Ulalume
tart of darkness
- Joined
- Jan 3, 2009
- Messages
- 3,340
- Location
- Not Texas
(I've included these photos I took at Palmetto state park in March of 2012, just to give a general idea of what the entry area near Gonzales looks like, including the lookout point mentioned in the linked article below. Unfortunately, I did not capture any photos of "the thing" - though the linked website does have have an alleged one!)
Sightings of the ape-like "thing" had seemed to drop off in the 80's and 90's - or at least I didn't hear about them, but they seem to have picked up again in recent years. The Texas Crypid hunters website gives the account of The Thing mentioned in the excellent (and sadly out of print) book "Ghost Stories of Texas" as well some more modern tales.

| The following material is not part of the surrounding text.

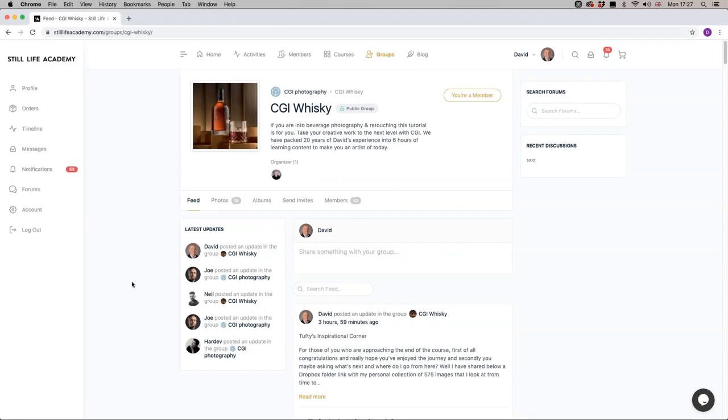We are here in the Still Life Academy website and the Cinema 4D CGI Whiskey group chat. I've been getting quite a few questions about being able to see things properly in the viewport.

http://texascryptidhunter.blogspot.com/2014/07/sasquatch-classics-ottine-thing.html
To many, the Ottine Swamp is but 198 acres of bog and thicket located almost exclusively within the confines of Palmetto State Park. It is much more than that, however, and is actually made up of some 10,000 acres that flank the San Marcos River between Luling and Gonzalez. There is an amazing diversity of plant life in this area ranging from hardwood bottoms, mesquite flats and true palmetto dominated swamplands. It is a spot out of place geographically and out of time chronologically where people have reported strange encounters with a hair-covered, bigfoot-like creature known locally as “the thing”[...]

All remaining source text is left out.